Work

Begin Again

“In the beginner’s mind there are many possibilities, but in the expert’s there are few”
― Shunryu Suzuki, Zen Mind, Beginner’s Mind: Informal Talks on Zen Meditation and Practice

It’s usually the focus in their eyes I notice first. They may be 22, they may be 52, but they are starting something new. Their heightened situational awareness causes them to engage with the world around them in ways that are often only tapped into by a beginner. I’m here to argue that beginners shouldn’t have all the fun.

It’s the start of another new school year here in Round Rock and I have the privilege of greeting a few hundred new employees around this time each year. It’s always a celebration, but this year I’m bringing increased authenticity to my enthusiasm.

I’ve always been happy to greet these new folks, but there was always a sense of sympathy for the work ahead of them starting something new. They are either entering a new profession and don’t yet know what they don’t know. Or, they are experienced but joining a new organization. They will need to learn the culture, make new work friends, establish their reputation, create new routines, and find a parking spot. They must feel so unsettled.

They are walking into a new building and the only thing they know for sure is that they will meet new people. They get to be whoever they want. We don’t know them yet so even if they were the fool in their last job, they get a new start with us.

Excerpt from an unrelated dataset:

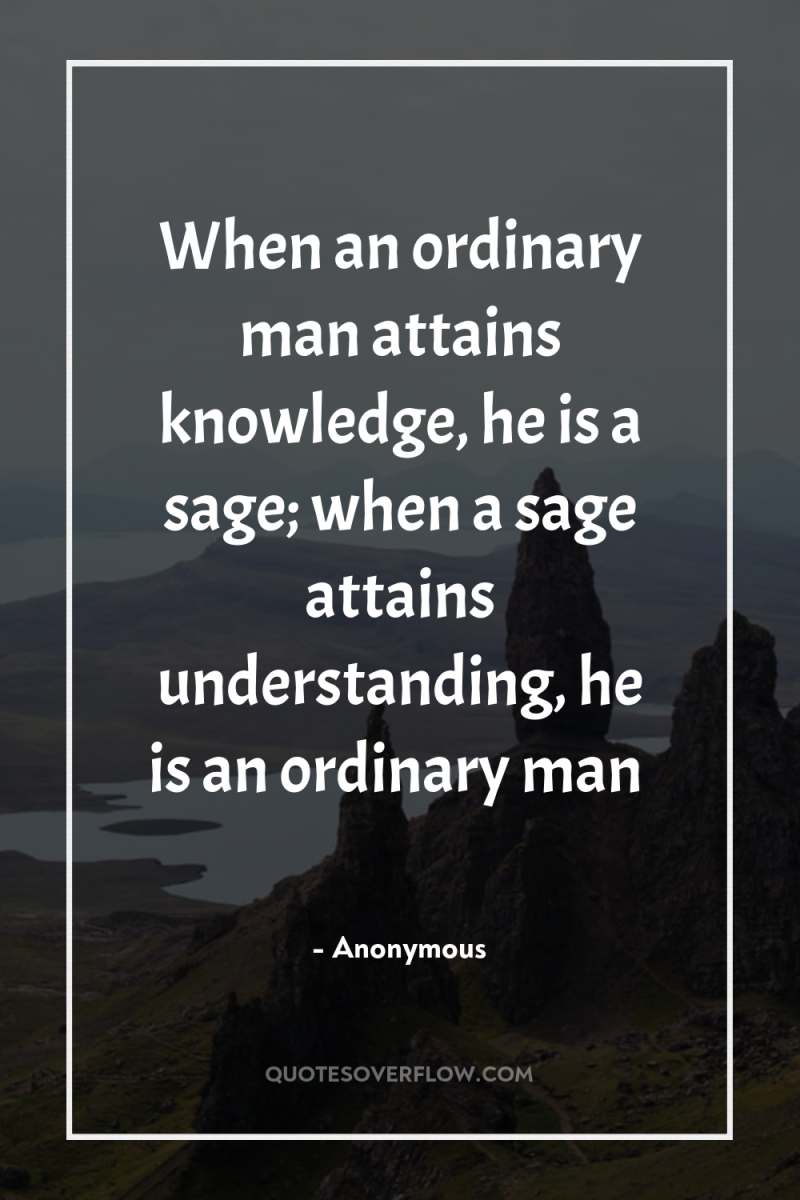 When an ordinary man attains knowledge, he is a sage;...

Maybe it’s turning 40 soon, or maybe it’s reaching a certain level of comfort, but I’m finding my feelings for these beginners turn from sympathy to envy. And while we can’t turn back the clock, and may not want to find a new job, how can we tap into the mindset that comes from starting something new? From beginning again?

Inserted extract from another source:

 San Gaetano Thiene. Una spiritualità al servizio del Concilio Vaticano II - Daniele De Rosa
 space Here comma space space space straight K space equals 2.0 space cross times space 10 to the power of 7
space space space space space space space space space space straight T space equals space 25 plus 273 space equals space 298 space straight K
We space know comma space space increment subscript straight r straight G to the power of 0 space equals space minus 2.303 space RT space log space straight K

When Suzuki was speaking of Beginner’s Mind he reminded us:

For a while you will keep your beginner’s mind, but if you continue to practice one, two, three years or more, although you may improve some, you are liable to lose the limitless meaning of original mind.

The hard part he goes on to say is not balancing our expert and beginner’s mind, it’s not a dualistic approach. The two ways of thinking do not balance each other. There is a finite amount of space for our mindset and the expert’s mind is in direct competition with the beginner’s mind. Satisfaction comes from learning, improving our craft, growing our skillset, without losing the beginner’s mind. Much easier said than done.

We must remain the learner…even when we are mentoring others. Because we are not really mentoring them. We are learning with them and just playing a different role. None of us really know what we are doing. We are just doing our best.

He goes on to tell us:

The same thing will happen in your other Zen practices. For a while you will keep your beginner’s mind, but if you continue to practice one, two, three years or more, although you may improve some, you are liable to lose the limitless meaning of original mind.